Mr. Speaker, I have the privilege of representing the congressional district that is home to the Food and Drug Administration. Those individuals do great work for our country; and I can tell you, Mr. Speaker, nobody--and I mean nobody--is being fooled by this ridiculous stunt that the Republicans in this House are pulling, trying to cherry-pick little pieces of government to fund when they know they're not going anywhere, when the American people know that this House is in possession of a piece of legislation that, if we were allowed to vote on it, would go to the President's desk tonight; he would sign it; and we would open up all of government immediately--FDA, NIH, the VA, everything.

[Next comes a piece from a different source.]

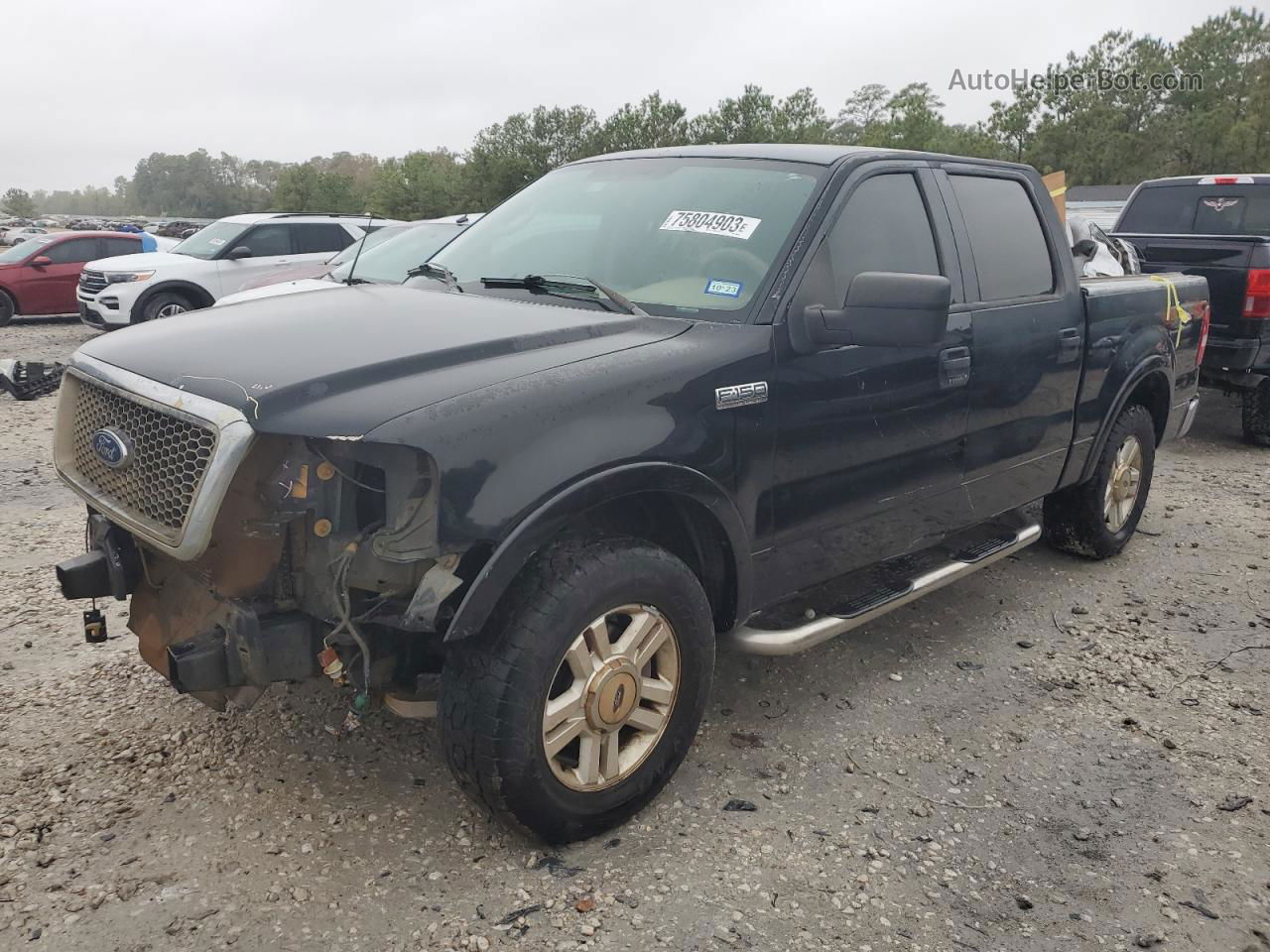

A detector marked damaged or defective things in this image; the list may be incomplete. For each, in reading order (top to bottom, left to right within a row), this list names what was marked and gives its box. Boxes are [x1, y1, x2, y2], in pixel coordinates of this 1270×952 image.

damaged front end [53, 357, 467, 715]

The position Republicans are taking is made even more ridiculous by what we did on Saturday. On Saturday, we said, We're going to pay all Federal employees--not
just employees at FDA, not just at NIH--all Federal Government employees. That was the right thing to do.
Now you're saying you only want to keep some of those agencies open, not all of them open. So what our Republican colleagues are telling the American people is, we want to pay all the employees in the Federal Government; but we don't want to allow a lot of them to go to work. We want to pay for everybody in the Federal Government, but we don't want to allow everybody to go to work. What kind of policy is that?
Now, Mr. Speaker, just this weekend, the Speaker of this House admitted on national television that he had reached an agreement with the Democratic leader in the United States Senate, Senator Harry Reid, where Harry Reid and the Senate Democrats said, We will agree on a temporary basis to the lower funding levels in the sequester in exchange for making sure we have a clean continuing resolution, that we keep the government open. That's what the Speaker agreed to.
But then he came back to this House, and he couldn't hold his caucus. Why? Because Senator Cruz and a radical reckless faction said, No, we can't do that. We have to close the government unless we shut down the Affordable Care Act. And that position hasn't changed. That's why today we can't open the government, because our Republican colleagues want to continue to shut down the Affordable Care Act.
Let's vote today to open the whole government. Let's have a vote, Mr. Speaker, on the bill that's in our possession.